As our center also receives a number of referrals from outside institutions for second opinions, 37 of our 332 women with pMRI were from outside institutions. Although these were internally reviewed by our breast radiologists and all pMRIs were in accordance to the ACR Breast MRI accreditation program there may have been differences in original interpretation confounding patient and surgeon preference for initial surgery. Furthermore, patients were more likely to receive pMRI for DCIS if they were younger, have a larger size (>2cm) of known disease, and have no known comorbidities recently diagnosed(35). Finally, we were unable to assess whether pMRI is associated with longer-term benefits of improved disease-free survival given the relatively recent use of breast MRI.
Conclusion
pMRI may improve the surgical management of DCIS at an academic institution that routinely performs pMRI for new breast cancer diagnoses, leading to higher success rates of first BCS and lower re-excision rates, without causing a rise in mastectomies or delays in surgical treatment.
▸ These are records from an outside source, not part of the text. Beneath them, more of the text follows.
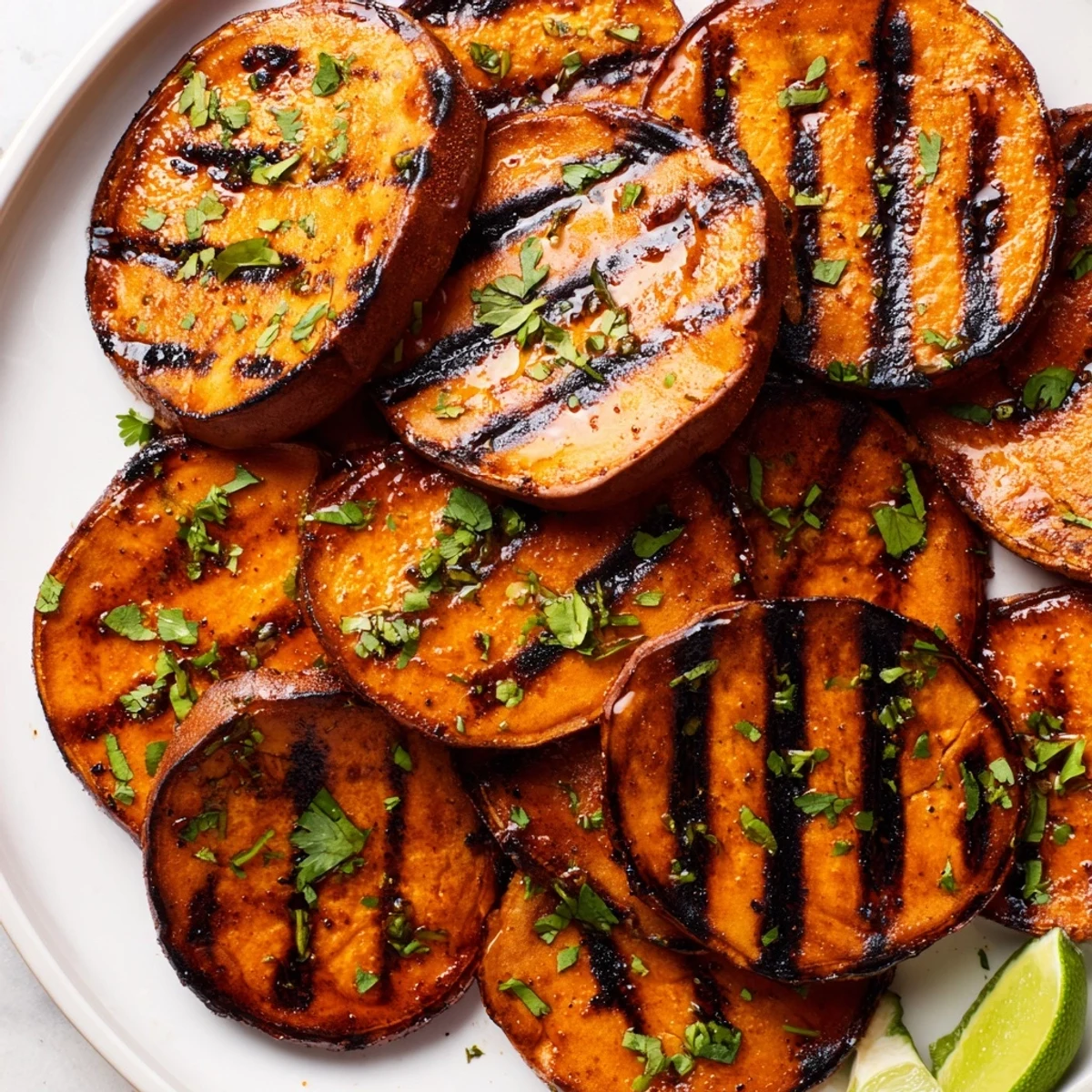 Grilled sweet potatoes, charred edges and soft centers, served with lime
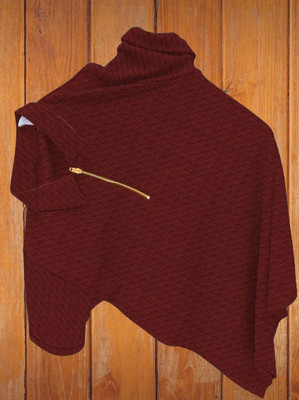 devkivastra Self Design Men Zip Neck Maroon T-Shirt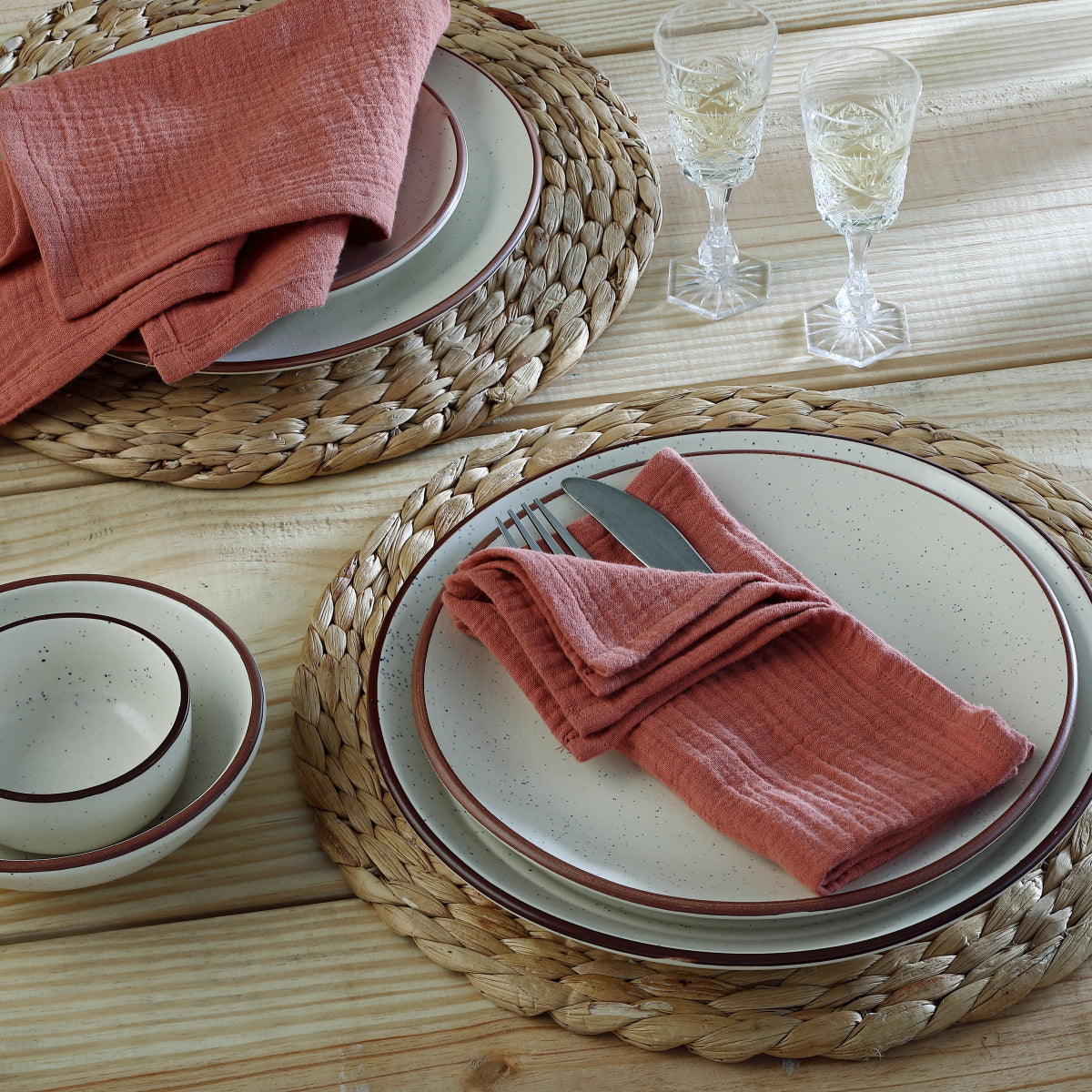 Serviette de table (x4) gaze de coton 40x40 CARLA - noisette - febronie.com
Further studies are needed to understand the impact of pMRI on both short and long-term outcomes across a variety of practice types.
Acknowledgements
Funding: This study was supported by the 2014–2016 RSNA Research Scholar Grant (HR) and National Institutes of Health R01 [Grant Number CA203883] (HR, SCP, AK, DSH).
Abbreviations List:
- BCS
breast conserving surgery
- pMRI
preoperative breast MRI
- CNB
core needle biopsy
Footnotes
Disclosures: JML and CDL have a consulting agreement with GE Healthcare. DLL, SCP, AK, DSH, CDL, JML, and HR have received grant funding from GE Healthcare. DSH has also received grant funding from Philips Healthcare, Toshiba America Medical Systems, and Siemens Medical Solutions USA. JS and SHJ have no disclosures.